POST: 'Kitchen Sink Experiment(s)' - I saw myself and my dearest friends
What’s it about?
Kitchen Sink Experiment(s) is about a young couple, Brian and Simone, who are being observed by a scientist in their home for a week. The two sign up for the experiment not knowing or caring what it will entail, only that it will pay them $150 a day. When the experiment begins, however, Brian and Simone find that it is not quite as easy as they thought it would be.
What did I experience?
The last time I walked down Troutman Avenue, the pavement was warmed by the sun and my face from the heat of my tears. As far as bad days go, that one was my worst.
When I received an email from Crashbox Theatre Company informing me that to see Kitchen Sink Experiment(s) I’d have to return to the same streets that had seen me cry, I didn’t want to go. Suddenly, braving the dense crowds of Times Square to see a show on Broadway didn’t seem as repulsive as it usually does.
But it was too late to change my ticket and I was genuinely interested in seeing a play in an actual apartment with an audience of no more than 20. I’ve also found that the best way to burn bad memories from your mind is to replace them with different ones and to do so often.
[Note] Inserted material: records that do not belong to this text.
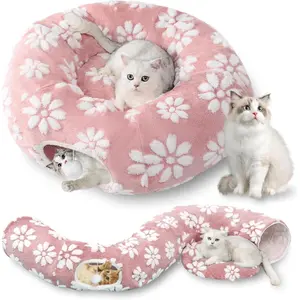 Tunnel for Indoor Cats, Cute Peekaboo  Cave with Dangling Balls, Pet Donut Tunnel Bed with Circle Mat for Puppy Kitten , Pink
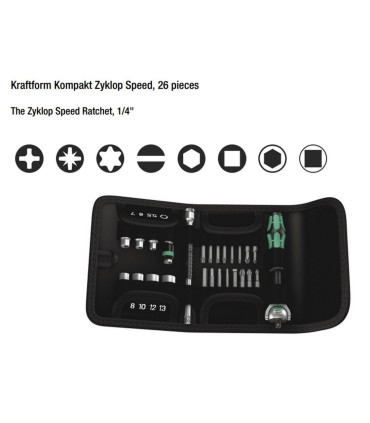 Wera Zyklop Speed KF Kompakt 1/4" Cırcır Lokma Bits Seti 26P 05051045001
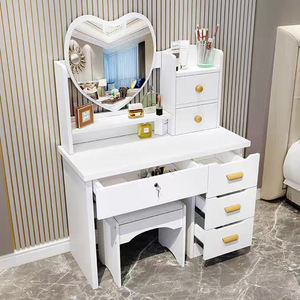 Tocador Moderno Rosa y Blanco con Espejo Iluminado en Forma de Corazón y Almacenamiento |   Tocador para Dormitorio Juvenil - Product Image 2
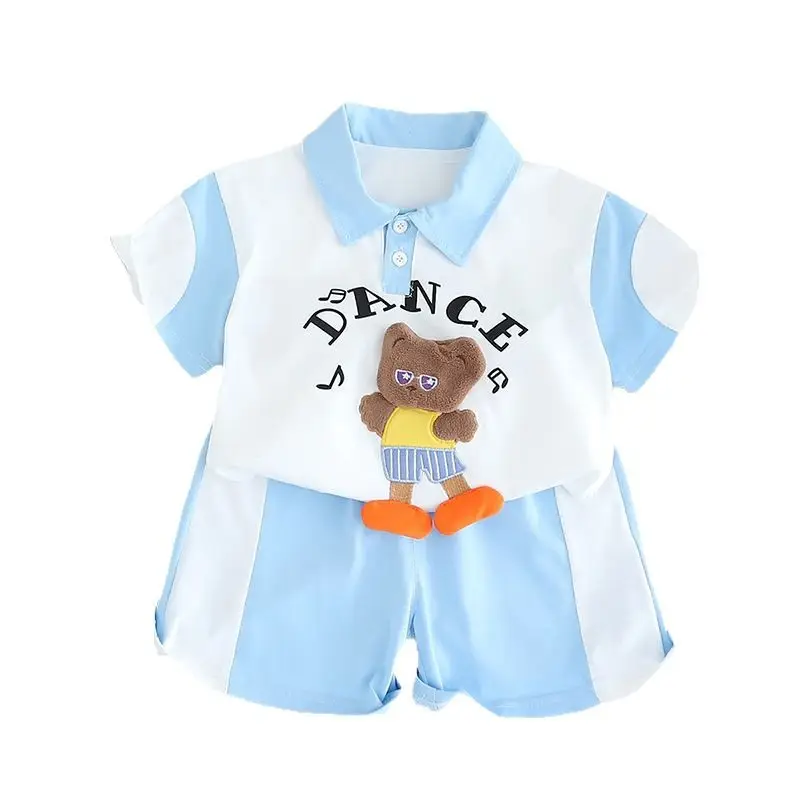 Kids Cartoon K-Style Polo Shirt Set Boys Summer - Image 8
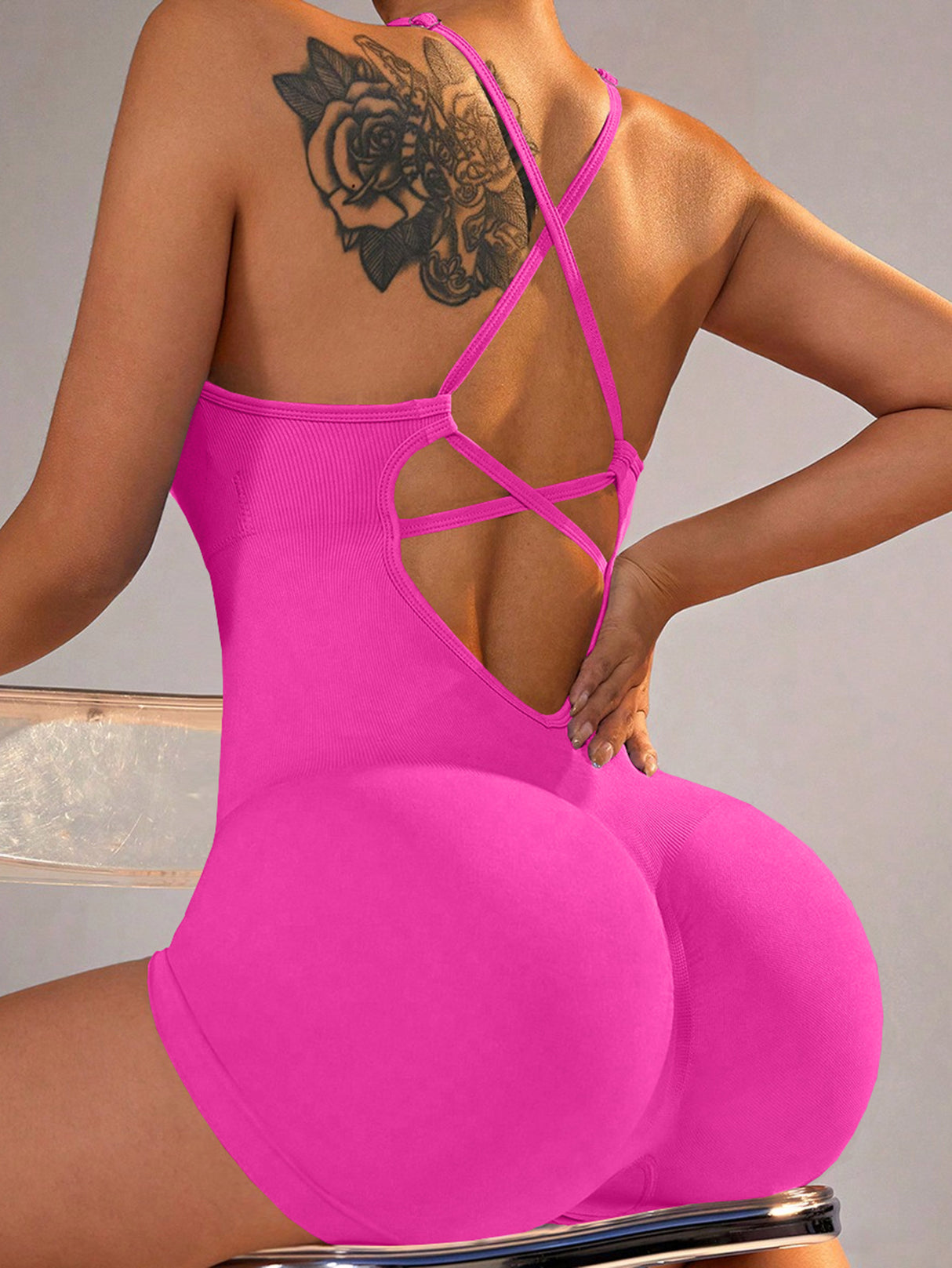 Size L Rose Red Grey Nylon Seamless Yoga Bodysuit - Women's Athletic Romper, Crisscross Back, Workout Jumpsuit
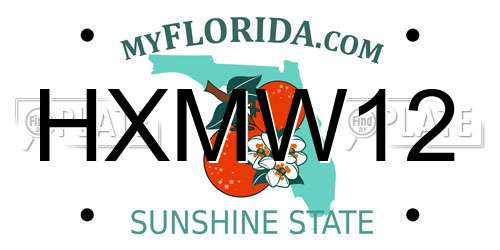 HXMW12 Florida License Plate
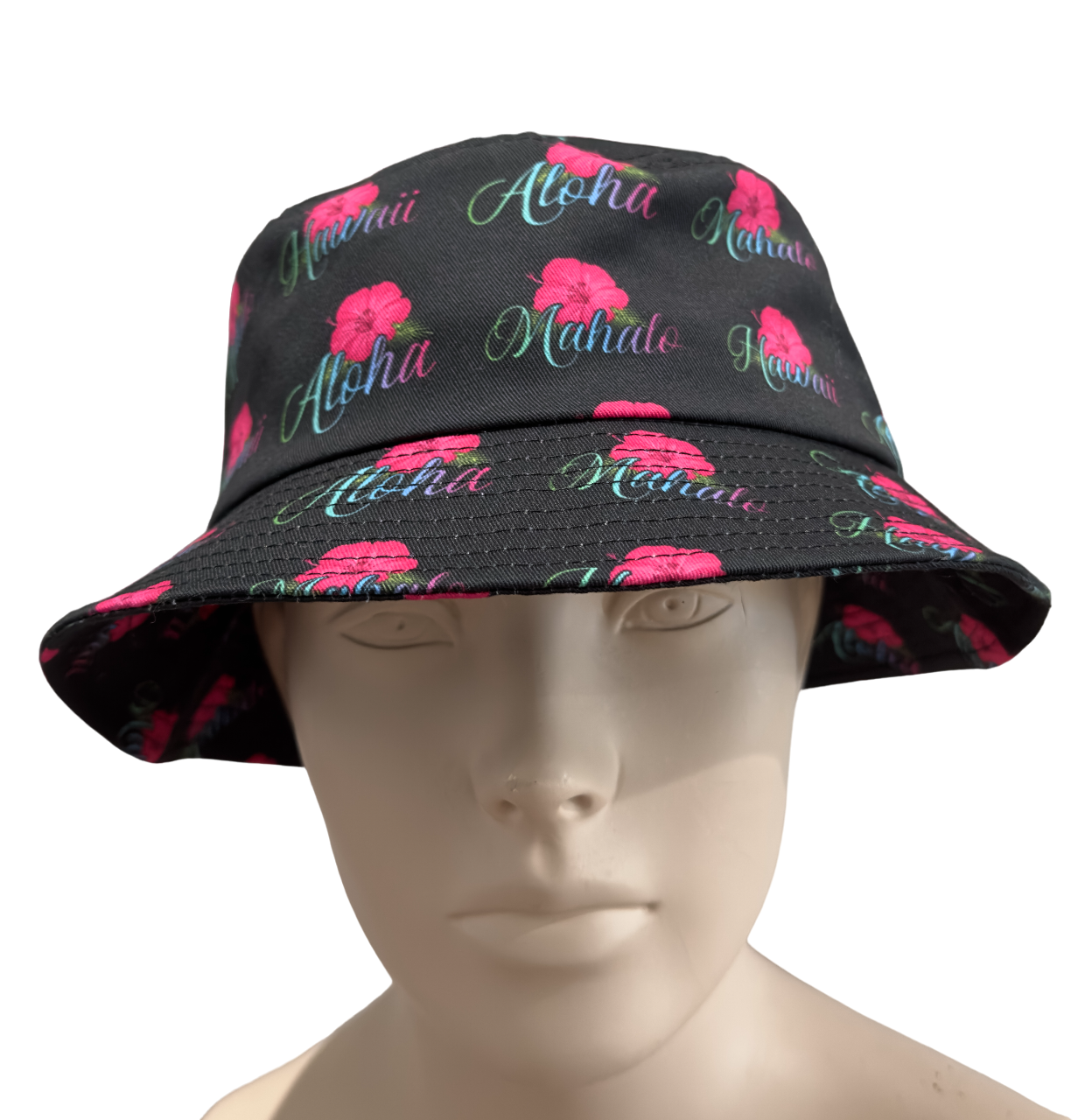 Aloha Designs - Wholesale Bucket Hat - Women's - Hawaiian Hibiscus Bucket Hat with Colorful Aloha, Mahalo4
The more you replace them, the faster they’ll burn.
Attempt to burn away bad memories of Bushwick #1:
As I walked from the Jefferson Avenue subway stop to 28 Scott Avenue, the venue for the play, everything around me faded into familiarity. Here was the street I’d once cried on, there was the bench I’d once sat on with the man who’d once made me cry.
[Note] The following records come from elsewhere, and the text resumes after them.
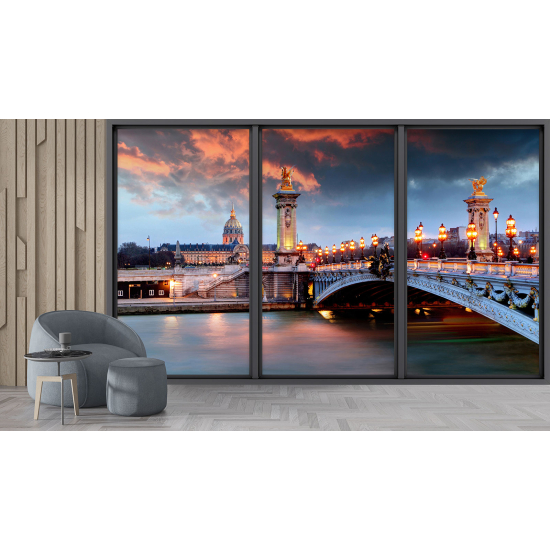 Optical Illusion Panoramic Bay Window Wall Mural / Wallpaper - Paris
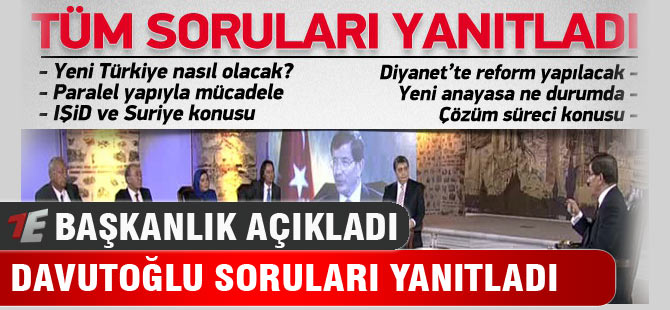Davutoğlu canlı yayında soruları yanıtladı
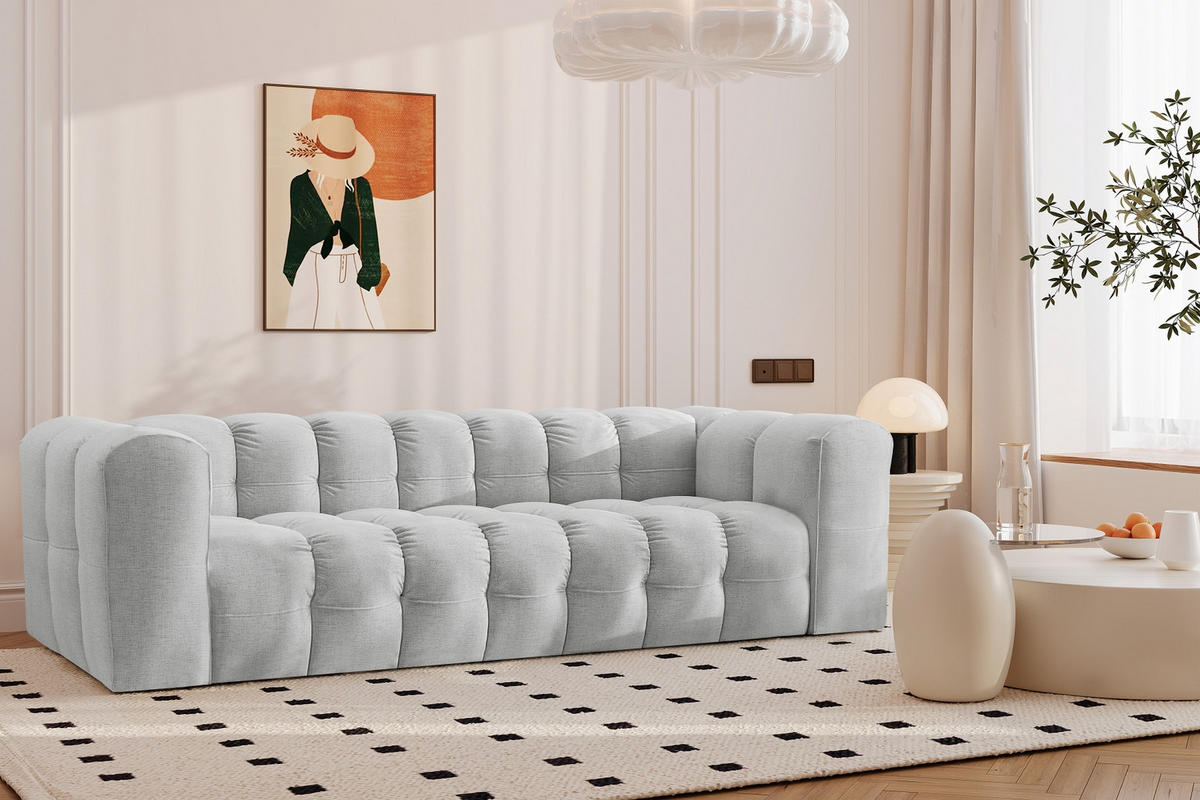 SOFA 4-Sitzer, Komfort, BALOO, stoff Schenille, Hellgrau - Hellgrau, Holz (250/75/106cm) - Kaiser Möbel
I got to Scott Avenue and found building 28. I signaled to a small group of people through the door to let me in. “Are you guys here for the thing?” I asked. They were. We were all waiting to be taken to the apartment unit in which the play would be. After some chitchat, one of the women in the group asked me how I’d learned of the play. “Rampant Googling,” I told her and asked how she had learned of it. Pointing to an older man sitting relaxedly at the bottom of the staircase, she said, “His son’s the lead actor.”
Once inside the apartment - a studio, actually - I was informed that I could sit on one of the chairs (5 chairs by the (faux) window) or one of the 15 cushioned bench seats along the wall of the kitchen area. I went for one of the cushions and sat down. There was one other person in the room with me, a bearded man with an ironic sweater. Feeling very much at ease from the indie rock playlist in the background, I asked the man if he was one of the actors in the play. “No, I wrote it,” he told me nonchalantly and sat down a couple of cushions away from me, beer in hand.
A few minutes later, all the seats were occupied and the music stopped. The lights dimmed and we found ourselves in the home of Simone and Brian. We were officially observers of a science experiment. But over the next hour and a half, what I observed was not science but uncertainty, insecurity, humor, and love. In Brian I saw the depersonalizing sadness of not knowing what to do with yourself or your life. In Simone I saw the frightening sadness of loving someone like Brian. In both, I saw myself and my dearest friends.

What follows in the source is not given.